- Despite a poor GDT auction, yet the NZD strengthened.
- Key support is 0.6680 while resistance comes as 0.6850.
NZD/USD is currently trading at 0.6752 having made a high of 0.6759 and a low of 0.6687, resilient to a poor GDT auction having pierced the descending 100-hr SMA at 0.6751 and consolidating there in early Asia.
“It is somewhat ironic that one of the remaining support factors for the NZD, namely commodity prices, weakened overnight with a poor GDT auction, yet the NZD strengthened. It looks to be a positioning related move, especially ahead of approaching US holidays and perhaps implies that the kiwi has found a near-term base just below 67 cents,” analysts at ANZ explained.
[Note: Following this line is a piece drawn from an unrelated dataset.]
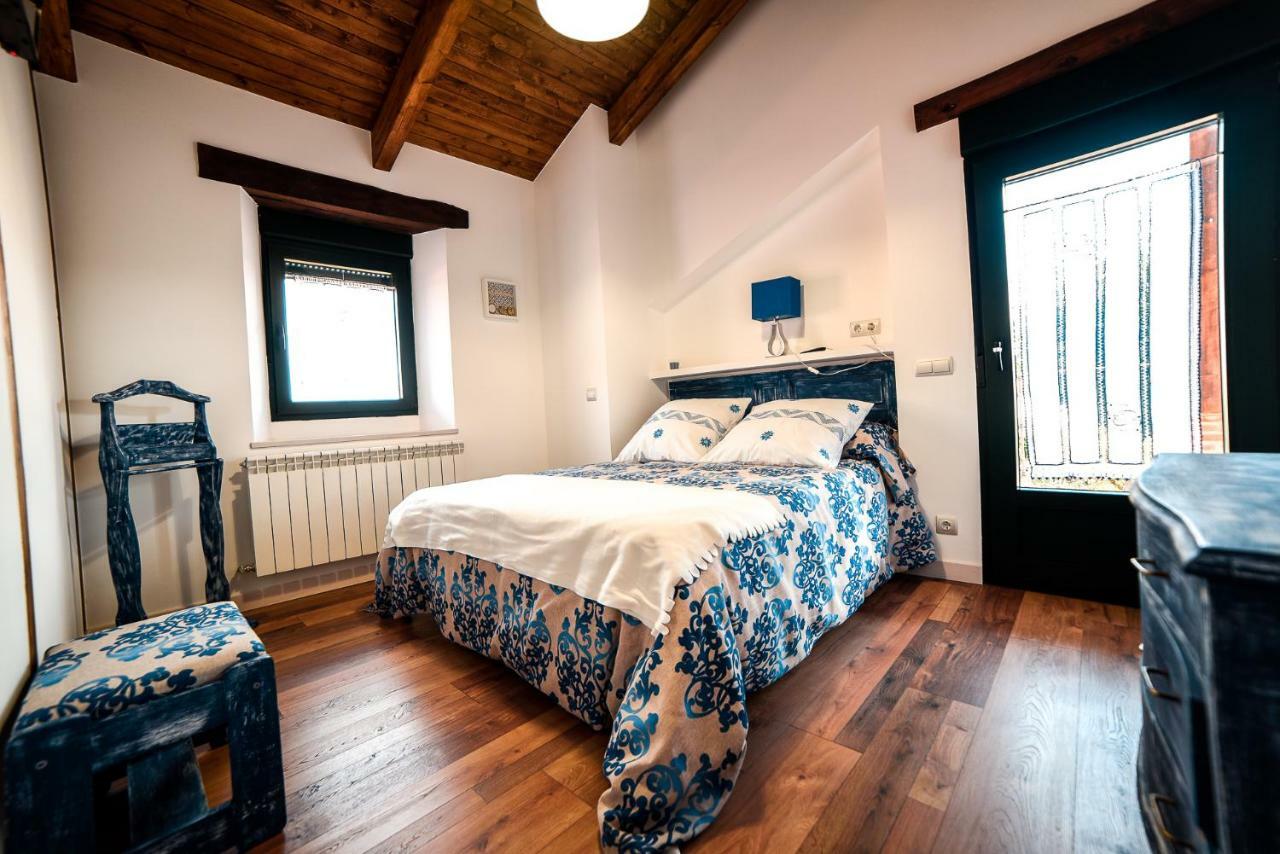 La Huerta Del Duero Konuk evi Villamarciel Dış mekan fotoğraf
At the same time, The US 10-year note yield fell 4bps to 2.83% and the DXY was lower within the day’s range of between 94.5620-94.9780, closing -0.29%. Fed fund futures yields continued to price 1 ½ more hikes in 2018.
The week ahead:
We are now into the US holidays but later in the week, we have US Jun ADP private payrolls, Jun ISM non-manufacturing survey, June FOMC meeting minutes (Thu), US Jun employment report, and US tariffs on $34bn of Chinese imports taking effect (Fri) as major risk events.
NZD/USD levels
Key support is 0.6680 while resistance comes as 0.6850. Near-term, the 100-hr SMA caps while the 10-hr SMA draws in demand. On the wide, while below the key 200-month moving average resistance at 0.7007 longer term technicals have remain bearish. Only a break above 0.6850 would alleviate the downside pressures and eyes remains towards 0.6675.